# Greenhead gear life size series decoys



## Brett_Neffendorf (Oct 6, 2003)

I was wondering what you all think of them? Hows the paint hold up on them? I am thinking about selling some calls and getting a few dozen of them and each year just keep adding to my spread. Let me know what you all think. and also how are their goose floaters? thanks.


----------



## gaddyshooter (Oct 12, 2003)

Bought a dozen of the "hot buy" size mallards for my trip to North Dakota at the beginning of the month. Used them 5 days, 4 in water and one in a field. After the third day, I started noticing the paint coming off of all the drakes. The hens showed no signs of problems. The problem on the drakes was the front where if is painted brown, and also the two stripes down the back that are also brown, the paint just flakes right off.

I just sent an Email to the company to see if they will replace them, or send me some paint to fix them. Will keep you posted with what they say.


----------



## Brett_Neffendorf (Oct 6, 2003)

thanks man, let me know what ya find out!


----------



## Qwack (May 25, 2002)

Evidently they had problems with the paint last year. If you got a good buy on them at a pre-season sale this year, they were probably last years's model. Supposedly they fixed the paint problem and if you get the new model, they hold up better. I think they look good, considering they were made in China.


----------



## Ron Gilmore (Jan 7, 2003)

I have bith the life size and the hot buys this year. The hot buys have given me some concern on the paint, but the life size have not. My only complaint is that the slide in weights need to be checked every time we went on the water. They work great in the field though.

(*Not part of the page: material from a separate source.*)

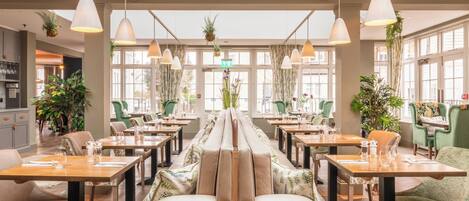 A restaurant with a long communal table, individual seating, hanging plants, and pendant lighting.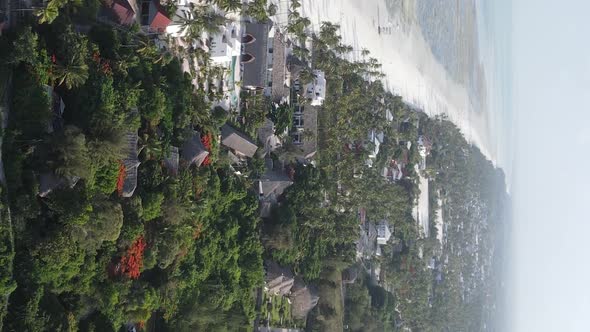 Vertical Video of the Ocean Near the Coast of Zanzibar Tanzania Aerial View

Took mine back to Scheels and they sent them in for me so will wait and see. Mine where all hens that gave me problems. I do think they are better than the Flambeu stuff, but I will buy G&H next time.


----------



## gaddyshooter (Oct 12, 2003)

have sent two emails to the manufacturer so far and received no response back from them yet. I am going to call the place where I bought them next week. Will let you know.


----------



## Qwack (May 25, 2002)

G&H produce great decoys but they aren't known for customer support :roll:


----------



## Brett_Neffendorf (Oct 6, 2003)

Thanks for all the good info. fellas!

I have a dozen life size mallards and a dozen life size pintails coming to me.


----------